Benjamin A'Lee wrote:
On Mon, Sep 03, 2007 at 10:52:12AM -0400, Thomas H. George wrote:
Kumar Appaiah wrote:
On Mon, Sep 03, 2007 at 08:26:19AM -0400, Thomas H. George wrote:
In ./usr/sbin exim is a symlink to exim4. exim is owned by root:root with 777 permissions. exim4 was owned by root:tom with 731 permissions. I changed the permissions to 777 but this did not correct the problem. I still got exim: permission denied when I executed mailq as user tom. mailq works for root.
OK, I meant su;mailq or sudo mailq.

You should be able to run mailq as root.
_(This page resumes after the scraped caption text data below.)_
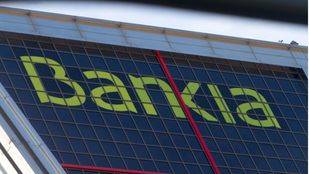 Bankia devuelve 1.200 millones a más de 190.000 accionistas por su salida a Bolsa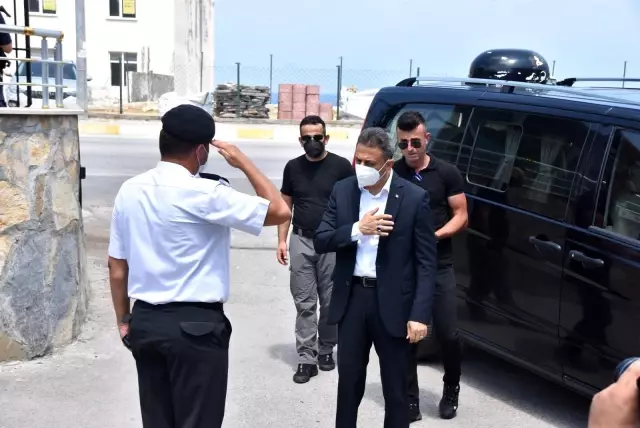 Vali Karaömeroğlu: 'Karadeniz Bölgesi'nde en fazla vaka artışı olan 3 ilden biri olmaya doğru gidiyoruz'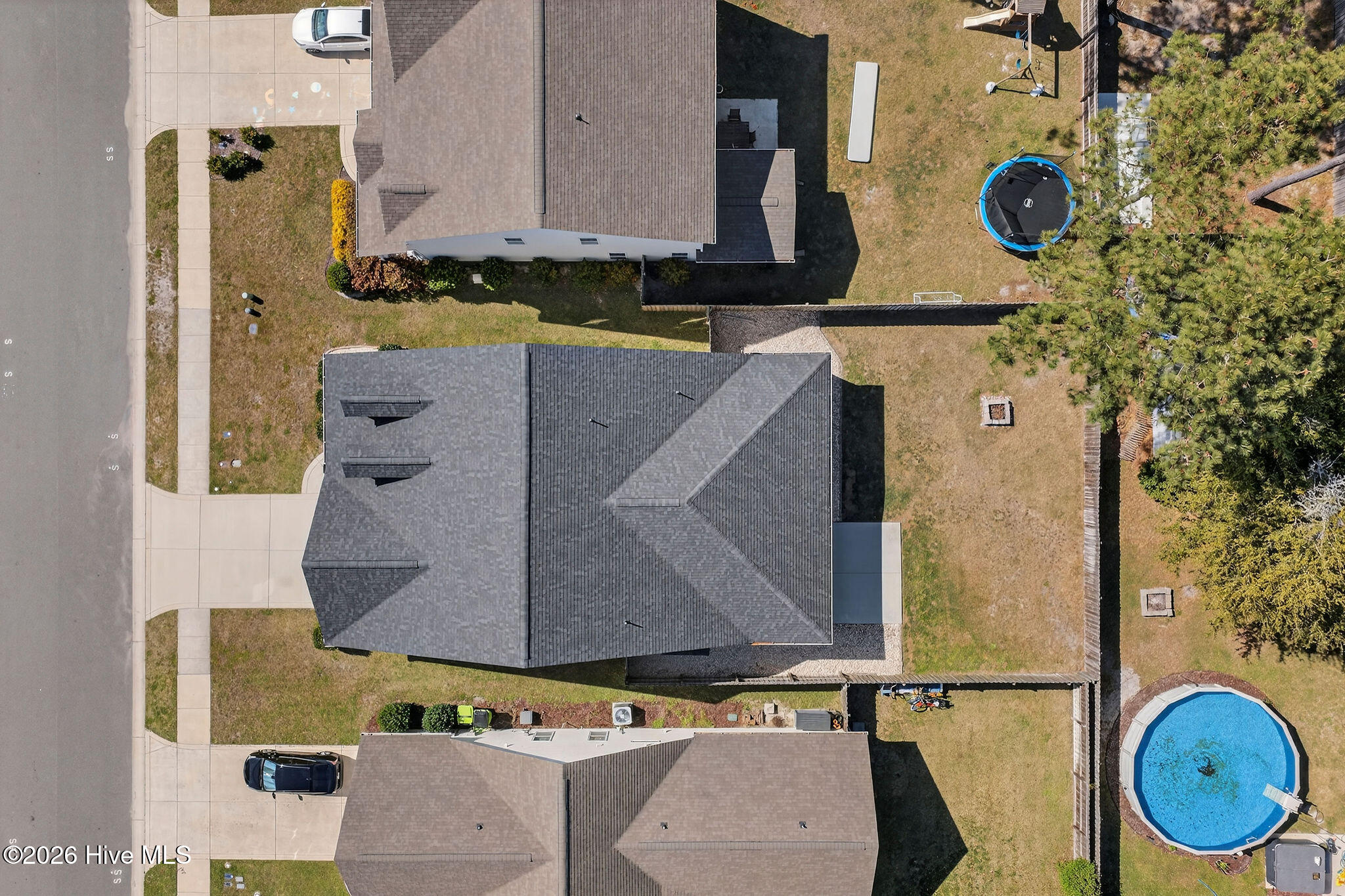 100564802 | Photo 50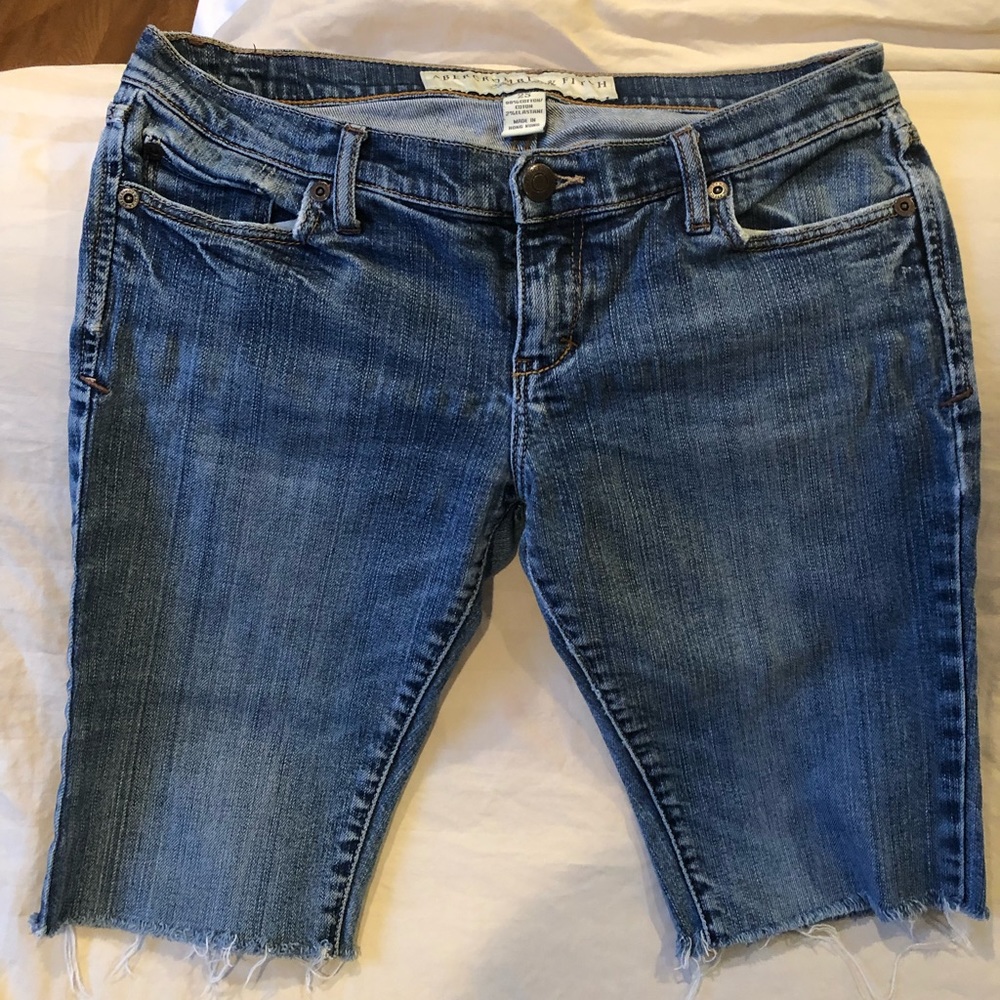Abercrombie & Fitch cut off shorts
Otherwise, you have a
problem. For me, it's just a symbolic link to /usr/sbin/exim4.

Kumar

In man update-exim4.conf an example reads "You want to be able to check exim's queue as a normal user: Generate a new file, e.g. /etc/exim4/conf.d/main/40_local_mailq, containing only the line queue_list_requires_admin = false.

I did this and still the command mailq as a normal user results in exim:permission denied.

Tom

strace -e trace=open,write mailq run from user tom exits after

   open ("/etc/passwd
   write(2, "exim: permission denied

If I run /etc/init.d/exim4 restart I get a warning that the exim4 paniclog is not empty. tail/var/exim4/paniclog ends with "failed to read delivery status for [EMAIL PROTECTED] from the delivery subprocess.

I have tried editing exim4.conf.template and uncommenting the Login lines in the Authentication section and entering my user name and password after the colons in the server_promts line. This does not solve the problem.

Firstly, IIRC, Exim4 has its own ideas about who can run it as
/usr/sbin/sendmail or /usr/sbin/exim; you'd need to run it as root or
find the setting to permit other users to run the commands. This isn't a
problem for Fetchmail, though, as Fetchmail is trying to connect to a
mailserver running on the local machine, port 25. Fetchmail's problem is
that Exim isn't configured to run as a server, so it has no idea what to
do with the mail it's fetching. You need to either configure Exim to
listen on port 25, or configure Fetchmail to deliver to a program such
as procmail; the second option is probably better all round, unless
fetchmail is downloading mail for more than one local user.